Cancer predisposition syndromes with the need of more than haematological care.

Syndrome	Patient Care	References
Li Fraumeni syndrome	Children from birth to age 18:Abdominal and pelvis US every 3–4 mAnnually brain MRI (first MRI with contrast)WBMRI annually	[126]
Neurofibromatosis 1	Since birth to age 8: ophthalmology assessment every 6 m to age 1 ySince age 8–20: ophthalmology assessment every 1–2 yAt age of 16–20: consider WBMRI	[75]
Constitutional mismatch repair deficiency	Since age 6 WBMRI annuallyFrom diagnosis of brain tumours brain MRI every 6 mSince age 4 to 6 upper gastrointestinal endoscopy, visual capsule endoscopy, ileocolonoscopy annually	[33]
Bloom syndrome	At age 15 colonoscopy every 2 y, faecal occult blood every 6 mAt age 20–25 breast MRI/US every 2 y	[28]
Xeroderma pigmentosum	Every 3 m skin examinationEvery 6–12 m exam for ocular and ear, nose, and throat neoplasms	[28]

m—months, y—years, WBMRI—whole-body magnetic resonance imaging, US—ultrasound, MRI—magnetic resonance imaging.

The cost-effectiveness of pre-symptomatic cancer surveillance has been evaluated. Tak et al. assessed cost-effectiveness for germline pathogenic variants in TP53 [128].

6.3. The Role of Targeted Therapy in Paediatric Cancers

The concept of precision medicine with the consideration of individual variability during designing therapy has been developed for many years. Hence, post-genome-sequencing-era discoveries provide renewed opportunities for personalizing care of children with malignancies.

An analysis of over 3500 cases of children, adolescents, and young adults in 24 studies revealed a high rate of actionable variants, significant in molecular-driven precision medicine [120,121,122,123]. However, comparing the results is complicated due to a lack of standardization of potentially druggable events (PDEs), and the various techniques of molecular profiling. Paediatric MATCH defined an alteration as a PDE only for available treatment in phase II of a clinical study. Then, actionable alterations are classified within scales of target prioritization algorithms [41]. Most precision medicine programs include children with refractory or relapsed malignancies. In all primary malignancies, PDEs have been estimated between 12 and 100%, with an average of 50% [120,121,122,123]. The low incidence of actionable alterations in some studies results from examination tumour samples from newly diagnosed malignancies without considering a high risk or relapsed/refractory cancers in inclusion criteria [120,121,122,123]. Notably, PDEs differ in primary and relapsed tumours. This highlights the need of profiling the current neoplasm when considering targeted therapies.

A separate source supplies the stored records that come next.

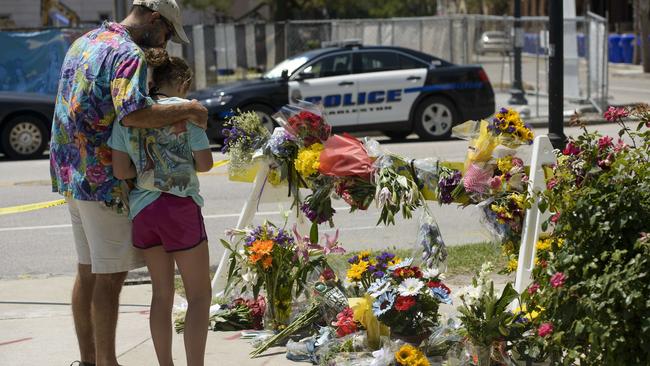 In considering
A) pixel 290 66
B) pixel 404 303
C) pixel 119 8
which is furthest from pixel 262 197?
pixel 290 66

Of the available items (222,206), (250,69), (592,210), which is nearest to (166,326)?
(592,210)

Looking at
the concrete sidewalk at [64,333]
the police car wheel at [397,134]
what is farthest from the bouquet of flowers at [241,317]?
the police car wheel at [397,134]

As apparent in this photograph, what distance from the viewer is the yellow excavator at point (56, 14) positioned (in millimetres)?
31266

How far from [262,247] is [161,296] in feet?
3.88

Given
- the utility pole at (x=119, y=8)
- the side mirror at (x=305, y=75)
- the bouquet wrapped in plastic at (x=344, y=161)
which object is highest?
the utility pole at (x=119, y=8)

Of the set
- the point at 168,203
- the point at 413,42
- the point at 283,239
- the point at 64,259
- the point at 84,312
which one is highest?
the point at 413,42

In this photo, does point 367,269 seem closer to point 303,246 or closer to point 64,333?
point 303,246

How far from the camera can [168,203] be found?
15.0 feet

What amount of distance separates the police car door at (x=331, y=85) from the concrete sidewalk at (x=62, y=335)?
30.1 feet

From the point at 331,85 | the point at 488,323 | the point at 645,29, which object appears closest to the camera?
the point at 488,323

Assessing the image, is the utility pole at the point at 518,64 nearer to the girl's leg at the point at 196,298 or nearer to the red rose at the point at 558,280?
the girl's leg at the point at 196,298

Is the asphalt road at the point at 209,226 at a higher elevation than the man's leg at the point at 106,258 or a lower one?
Result: lower

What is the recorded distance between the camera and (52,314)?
6.83 m

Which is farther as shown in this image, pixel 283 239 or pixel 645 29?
pixel 645 29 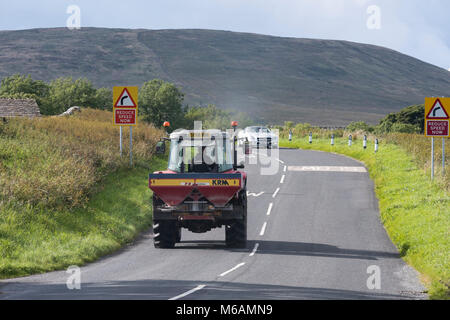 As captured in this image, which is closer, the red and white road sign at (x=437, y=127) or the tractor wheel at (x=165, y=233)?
the tractor wheel at (x=165, y=233)

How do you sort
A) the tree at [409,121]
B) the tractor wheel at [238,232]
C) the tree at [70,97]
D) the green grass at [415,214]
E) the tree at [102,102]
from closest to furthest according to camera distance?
1. the green grass at [415,214]
2. the tractor wheel at [238,232]
3. the tree at [70,97]
4. the tree at [102,102]
5. the tree at [409,121]

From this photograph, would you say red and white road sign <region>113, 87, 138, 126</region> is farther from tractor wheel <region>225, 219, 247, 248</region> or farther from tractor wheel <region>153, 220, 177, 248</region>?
tractor wheel <region>225, 219, 247, 248</region>

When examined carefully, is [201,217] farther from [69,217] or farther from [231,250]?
[69,217]

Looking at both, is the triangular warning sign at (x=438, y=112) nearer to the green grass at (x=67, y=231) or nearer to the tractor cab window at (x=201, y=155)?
the tractor cab window at (x=201, y=155)

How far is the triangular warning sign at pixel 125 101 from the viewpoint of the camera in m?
25.5

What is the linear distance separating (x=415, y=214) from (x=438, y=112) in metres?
5.62

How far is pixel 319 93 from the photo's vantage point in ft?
628

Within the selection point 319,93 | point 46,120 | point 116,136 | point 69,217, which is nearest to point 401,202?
point 69,217

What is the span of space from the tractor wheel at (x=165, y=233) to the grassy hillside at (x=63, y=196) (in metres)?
1.33

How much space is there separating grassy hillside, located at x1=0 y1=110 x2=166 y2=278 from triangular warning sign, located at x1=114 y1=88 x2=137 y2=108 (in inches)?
83.4

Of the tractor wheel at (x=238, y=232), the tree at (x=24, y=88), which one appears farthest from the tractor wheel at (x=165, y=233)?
the tree at (x=24, y=88)

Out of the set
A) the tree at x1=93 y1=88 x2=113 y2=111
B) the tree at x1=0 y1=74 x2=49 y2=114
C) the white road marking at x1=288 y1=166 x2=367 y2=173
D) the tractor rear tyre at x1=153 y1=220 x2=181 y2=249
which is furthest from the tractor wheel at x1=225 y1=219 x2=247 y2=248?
the tree at x1=0 y1=74 x2=49 y2=114

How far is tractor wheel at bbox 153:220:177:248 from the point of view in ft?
58.1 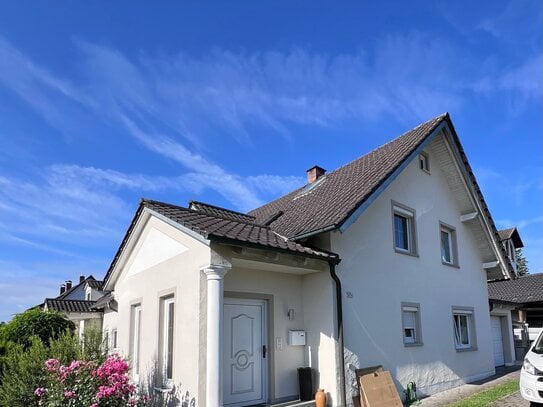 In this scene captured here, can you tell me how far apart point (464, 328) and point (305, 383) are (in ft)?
25.4

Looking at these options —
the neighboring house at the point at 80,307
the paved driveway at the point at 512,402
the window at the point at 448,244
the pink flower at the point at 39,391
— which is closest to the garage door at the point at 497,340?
the window at the point at 448,244

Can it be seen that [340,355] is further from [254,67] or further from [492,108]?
[492,108]

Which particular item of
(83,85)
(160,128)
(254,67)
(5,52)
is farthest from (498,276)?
(5,52)

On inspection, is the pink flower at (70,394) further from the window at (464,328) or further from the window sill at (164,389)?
the window at (464,328)

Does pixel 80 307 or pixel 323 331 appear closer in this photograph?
pixel 323 331

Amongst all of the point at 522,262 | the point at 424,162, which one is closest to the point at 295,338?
the point at 424,162

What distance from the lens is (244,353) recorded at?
9039 mm

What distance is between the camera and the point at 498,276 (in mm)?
17250

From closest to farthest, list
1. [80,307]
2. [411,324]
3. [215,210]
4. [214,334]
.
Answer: [214,334] < [411,324] < [215,210] < [80,307]

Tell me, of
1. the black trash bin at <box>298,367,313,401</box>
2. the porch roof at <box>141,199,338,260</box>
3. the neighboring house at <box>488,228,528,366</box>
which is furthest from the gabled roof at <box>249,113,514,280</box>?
the black trash bin at <box>298,367,313,401</box>

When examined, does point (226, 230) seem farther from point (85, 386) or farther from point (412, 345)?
point (412, 345)

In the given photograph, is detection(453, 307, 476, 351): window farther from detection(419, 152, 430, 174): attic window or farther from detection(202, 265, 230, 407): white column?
detection(202, 265, 230, 407): white column

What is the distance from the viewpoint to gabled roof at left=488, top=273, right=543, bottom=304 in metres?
22.6

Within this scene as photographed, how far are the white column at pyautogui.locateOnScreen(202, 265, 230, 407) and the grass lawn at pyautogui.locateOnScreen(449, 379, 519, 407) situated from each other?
5.95m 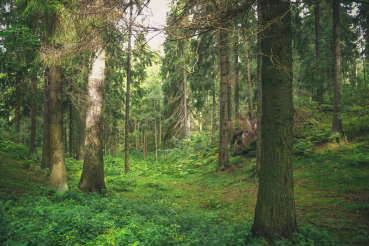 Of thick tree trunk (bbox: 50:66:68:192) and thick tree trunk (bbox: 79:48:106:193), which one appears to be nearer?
thick tree trunk (bbox: 50:66:68:192)

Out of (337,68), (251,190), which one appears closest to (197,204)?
(251,190)

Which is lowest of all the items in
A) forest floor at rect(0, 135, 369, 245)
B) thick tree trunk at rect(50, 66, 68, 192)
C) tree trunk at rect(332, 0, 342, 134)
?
forest floor at rect(0, 135, 369, 245)

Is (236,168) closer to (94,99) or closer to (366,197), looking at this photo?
(366,197)

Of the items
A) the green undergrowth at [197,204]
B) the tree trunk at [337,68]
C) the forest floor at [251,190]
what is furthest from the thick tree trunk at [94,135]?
the tree trunk at [337,68]

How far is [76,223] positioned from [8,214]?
1306 mm

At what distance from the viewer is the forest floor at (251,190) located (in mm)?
4484

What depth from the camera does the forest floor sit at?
14.7ft

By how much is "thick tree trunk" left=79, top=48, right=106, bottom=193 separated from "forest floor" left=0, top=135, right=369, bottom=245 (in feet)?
2.35

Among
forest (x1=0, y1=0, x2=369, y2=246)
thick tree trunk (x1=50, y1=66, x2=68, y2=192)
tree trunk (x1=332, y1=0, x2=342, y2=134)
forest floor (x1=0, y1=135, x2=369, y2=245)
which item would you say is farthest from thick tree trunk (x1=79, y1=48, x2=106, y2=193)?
tree trunk (x1=332, y1=0, x2=342, y2=134)

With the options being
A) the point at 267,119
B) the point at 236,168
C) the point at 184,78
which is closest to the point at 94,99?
the point at 267,119

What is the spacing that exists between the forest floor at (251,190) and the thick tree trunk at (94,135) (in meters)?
0.72

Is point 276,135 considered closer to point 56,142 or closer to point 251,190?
point 251,190

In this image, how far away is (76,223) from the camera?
11.3 ft

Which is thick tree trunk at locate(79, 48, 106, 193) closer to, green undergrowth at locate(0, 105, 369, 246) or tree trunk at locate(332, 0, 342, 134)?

On average, 21.5% of patients (rates ranging from 2 to 54%) could receive targeted therapy after decision of molecular tumour boards [120,121,122,123]. Despite the high detection rate of potentially actionable alterations, not all patients receive treatment with targeted agents. Among the reasons for nonadherence to tumour board recommendations are inability to access the desired targeted agents and a lack of available clinical trials. In addition, many patients with relapsed/refractory diseases are treated according to proven standard relapse therapies. Among antitumoral targeted therapies there are molecular and epigenetic targets and immunotherapy. Among actionable alterations, molecular targets with associated pathways including MAPK signalling and cell cycle control are the most affected [120,121,122,123].

7. Conclusions

Every childhood cancer harbours a unique correlation of inherited and de novo germline variants and somatic alterations. However, the prevalence of genetic disorders in children diagnosed with cancers with no common or non-syndromic phenotype is still underestimated due to low awareness of the pre-existing conditions. Molecular profiling with detection of potentially druggable events reveals opportunities of molecular-driven precision medicine. Improvement of diagnostic accuracy and outcomes, finding therapeutically actionable alterations are key steps for the management of children with cancers.